重賞ウィナーレポート

2017年11月03日 JBCスプリント(中央交流) Jpn1

2017年11月03日 大井競馬場 晴 重 ダ 1200m このレースの詳細データをJBIS-Searchで見る

優勝馬:ニシケンモノノフ

プロフィール

生年月日
2011年03月11日 06歳
性別/毛色
牡/栗毛
戦績
国内:37戦12勝
総収得賞金
324,184,000円
メイショウボーラー
母 (母父)
グリーンヒルコマチ  by  アフリート(CAN)
馬主
西森 鶴
生産者
八木 常郎 (新冠)
調教師
庄野 靖志
騎手
横山 典弘
  • レース後、万歳で喜ぶ牧場の皆さん
    レース後、万歳で喜ぶ牧場の皆さん
  • ニシケンモノノフが育った八木常郎牧場
    ニシケンモノノフが育った八木常郎牧場
  • 新冠町内に掲げられた優勝垂れ幕
    新冠町内に掲げられた優勝垂れ幕
  • 門別競馬場で2勝目の口取り写真、ここでも大勢の関係者が応援していた
    門別競馬場で2勝目の口取り写真、ここでも大勢の関係者が応援していた
  • 門別デビュー馬からのJpn1馬誕生となった
    門別デビュー馬からのJpn1馬誕生となった

 大井競馬場で行われたJBCスプリント(Jpn1)はニシケンモノノフが快勝。

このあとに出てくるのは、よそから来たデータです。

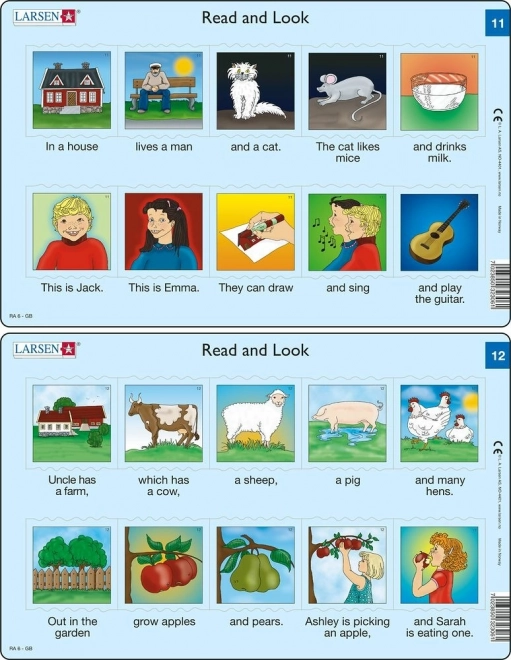Oktató puzzle angol – rövid szövegek, 10 darab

ダート短距離界の実力馬がついに頂点の座についた。

 本馬の生産者は新冠町の八木常郎さん。昭和40年から牧場を始め、古くは帝王賞や東京大賞典の勝ち馬アズマキング、三冠馬ミスターシービーを破ってサンケイ大阪杯(G2)を制したステートジャガー、近年では武蔵野S(G3)で豪快な追い込みを決めたワイドバッハを生産している。

 レース当日は、常郎さんが自宅で応援し、息子・明広さんが大井競馬場へ向かった。明広さんは、「ちょうどJBCレディスクラシック(Jpn1)が始まる前に到着しました。朝、牧場の仕事をしてから出かけたので、結構ギリギリでしたね。今回もパドックの外目をグイグイ歩いていたので、状態の良さを感じました。レースは、得意としている逃げる競馬を予想していましたが、インの3、4番手となって、少しポジションが後ろかなと思って見ていました。加えて内側は砂が深そうだったので、そのあたりも心配でした。直線に向いてからは“差せー”と叫んでいましたね。上位に迫ったのはわかりましたが、見ていた場所の角度から、一瞬負けたかなと思いました。大型ビジョンで横山典弘騎手のアップが映ったので、そこで勝利を実感しました」と、振り返った。牧場初のJpn1の表彰台の心境は“喜びのあまり、ボーっとしたような気持ち”だったという。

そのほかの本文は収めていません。